Amy-the-character’s inability to completely master her final performance of stereotypically compliant femininity (even as Amy-the-performer nails the physical comedy of not mastering it down to the last hilarious microgesture) demonstrates to us, as well as to Bill Hader’s besotted sports doctor, that there’s something of her that isn’t captured by the romantic-comedy archetype of the woman changing to please her man. Still, the movie ends on the hardly fresh image of a reconciled couple making out in public while a crowd of approving onlookers applauds: the modern rom-com equivalent of one of Shakespeare’s multicouple weddings. It’s an ending that, like the movie itself, presents the unruly Schumer to a mass audience in a familiar frame—one that she already seems itchy to escape.

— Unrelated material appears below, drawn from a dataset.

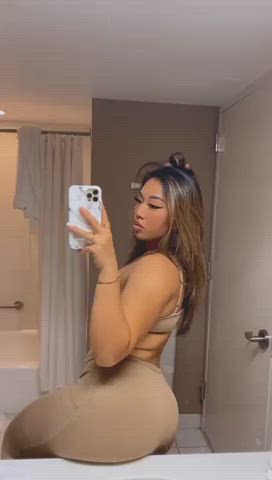 Asian Big Ass Twerking clip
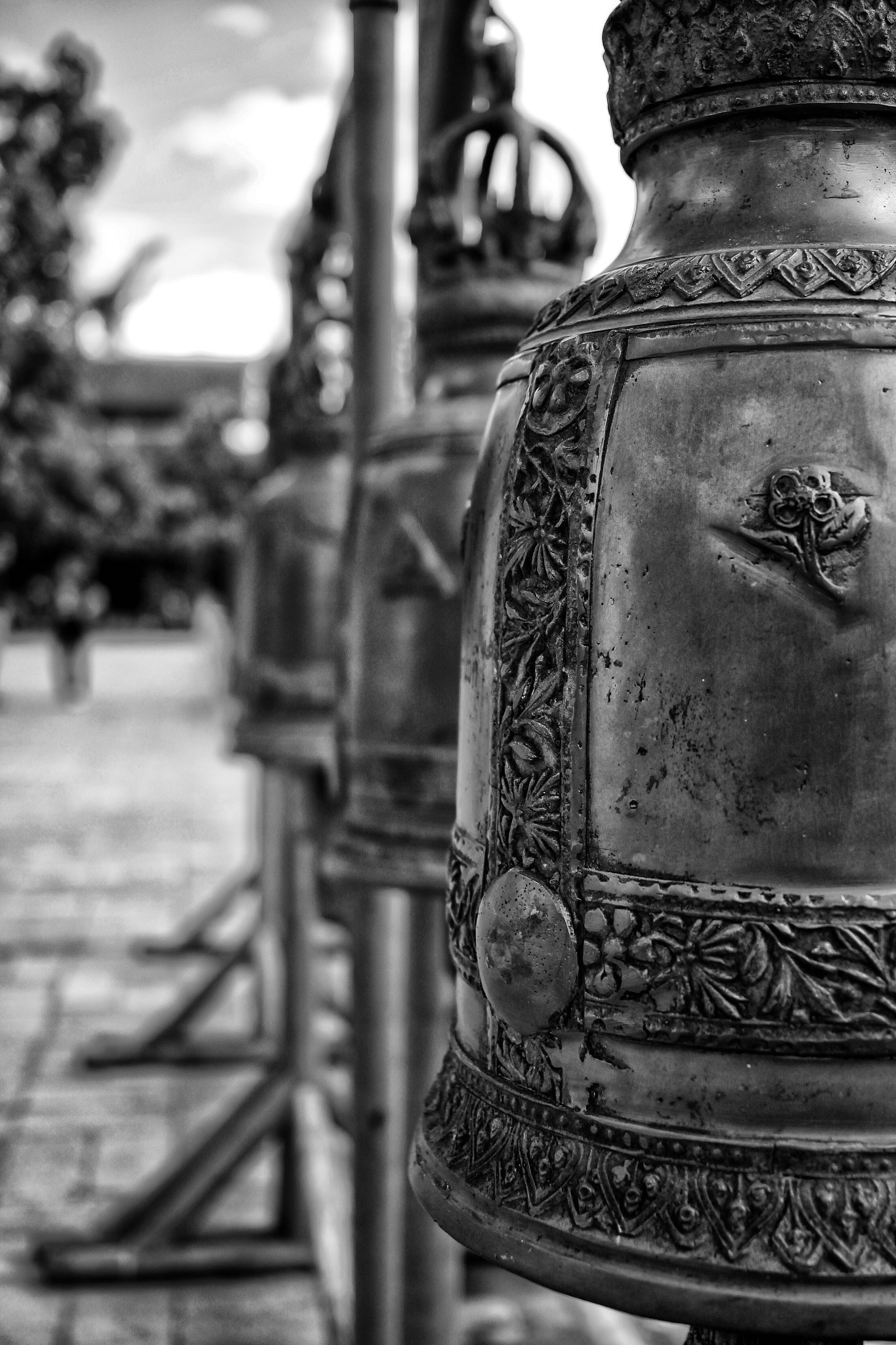 Canon EOS 500D (EOS Rebel T1i / EOS Kiss X3) + Canon EF-S 24mm F2.8 STM sample photo. Prayer bells - thailand photography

That mass audience has embraced Schumer to the tune of more than $61 million thus far. That’s a testament not only to Schumer’s talent but to the commercial wisdom of Apatow, whom I regard as a benevolent force in the world of comedy and an enormously gifted fosterer of young talent. But now Schumer—like James Franco, Jason Segel, Seth Rogen, Lena Dunham, and other writer/performers Apatow has mentored—is in the rare position of having the power to choose and shape her own career path. I hope she seizes the reins of her next big project, for whatever size screen it’s made, and makes sure it feels less like an attempt to fit her unconventional star persona into a familiar genre category and more like a full-length dive into the conceptually inventive worlds she explores on her own show. She doesn’t have to subvert the romantic comedy from within—she can ignore it entirely, create her own genre, and then subvert that!

In a recent New York Times profile of Schumer, Tina Fey said something great (as Tina Fey will do): “Women don’t exist only in relation to other women. … Amy is raising the bar for all comedians.” Perhaps the most radically feminist element of Schumer’s best work is that its go-for-broke formal ambition makes sidebar discussions about the gender identity of the creator seem even more irrelevant than they already did. In fact, some of Inside Amy Schumer’s most memorable segments, like that Emmy-worthy Lumet parody or a Friday Night Lights–inspired sketch about the persistence of rape culture, have barely featured Schumer as a performer at all—instead, she’s used a nearly all-male cast to spin out her own darkly funny fantasies about how misogyny operates behind closed doors. Notably, Schumer co-directed the (deliciously titled) 12 Angry Men Inside Amy Schumer episode with Ryan McFaul, seizing the auteur role even more clearly than she has in other episodes of the series. I heartily disagree with the Paul Giamatti character in that sketch that Schumer doesn’t belong in front of a camera. But I hope that for her next big-screen outing, Schumer will spend as much or more time looking through the viewfinder from the other side.